NAHB recently provided comments on the so-called Rapanos Guidance from the U.S. Army Corps of Engineers and the U.S. Environmental Protection Agency, urging the regulators to issue a formal rulemaking.
A number of state and local home builders associations as well as individual builders also submitted comments. The deadline for submission was Jan. 21.
Intended as clarification for both builders and regulators, the guidance was supposed to specify who has authority to regulate various land development activities pertaining to “navigable waters of the United States,” where the Clean Water Act applies.
But the guidance, issued last June — a full year after the court decision — has not helped much, resulting in an ever-growing, time- and money-consuming backlog of permitting decisions in Corps offices that NAHB says poses a growing threat to housing affordability.
It also remains unclear what test or proof should be used to demonstrate that properties subject to permitting contain the “significant nexus” to wetlands and navigable waters that make them subject to federal jurisdiction in the first place.
“Longer delays and the uncertainty associated with delays increase the costs related to construction, increase the interest that must be paid on loans related to the construction, make scheduling and planning extremely difficult and postpone the date that the home can be sold to realize a return on our investment,” the NAHB comments said.
For example, Corps’ records show that in 2003 it took an average of 180 days to get a permit under Section 404 of the Clean Water Act, which governs development on wetlands where the federal government has jurisdiction. Today, some Corps district offices are reporting that it can take as long as 12 months for a response to a permit application.
The applications themselves are also confusing, with sections that need to be completed even if they are not applicable to the site, undefined terms and vague data requests.
Particularly vague is the test for a significant nexus, and in its comments NAHB suggested how to fix the problem.
The federal agencies should “focus not only on the frequency, volume and duration of water flow, but also on evidence of downstream effects as the primary factor in determining significant nexus.
“Consideration of drainage area, base flow index and minimum annual flow could also help to direct decision-making, but these factors must be quantified so that the end result is an objective score, not a subjective opinion,” the comments said.
NAHB submitted the following recommendations:
- The agencies must complete a rulemaking that clearly delineates the limits of federal jurisdiction under the Clean Water Act’s Section 404 permitting program, as articulated by the U.S. Supreme Court.
- The agencies must limit jurisdiction to those areas that meet the “traditionally interstate navigable waters,” “relatively permanent water,” “continuous surface connection” or significant nexus tests.
- The agencies must revise and reissue the Rapanos guidance, incorporating all reasonable suggestions made during the comment period that simplify the jurisdictional determination forms; streamline the process; help document permitting decisions; and make the process more consistent, transparent and less burdensome.
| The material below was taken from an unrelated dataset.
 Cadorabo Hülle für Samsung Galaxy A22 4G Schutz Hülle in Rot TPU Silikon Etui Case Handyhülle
- The agencies must at the same time make the “significant nexus” determination easier to implement, quantifiable, based on science, transparent and consistent across the nation.
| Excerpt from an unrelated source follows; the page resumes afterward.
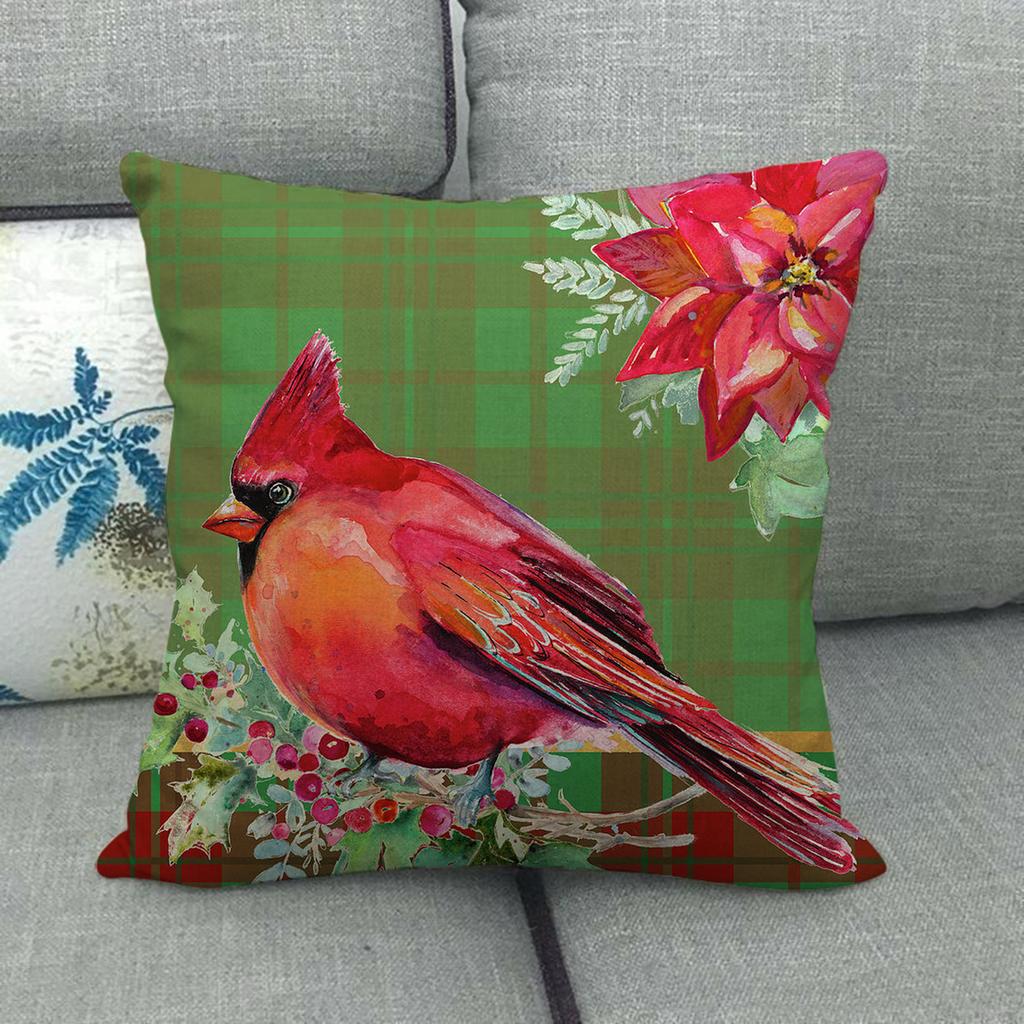 Christmas Spring Bird Flower Oil Painting Digital Printing Short Plush Pillow Covers For Sofa Office Cushion Cover Home Goods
- The agencies must provide a mechanism by which applicants may voluntarily allow jurisdiction in lieu of completing the jurisdictional determination form.
- The agencies must also clarify the definition of “traditional navigable waters,” according to the Supreme Court’s view that they are either actually navigable or that they are “a continued highway over which commerce is or may be carried on with other states or foreign countries.”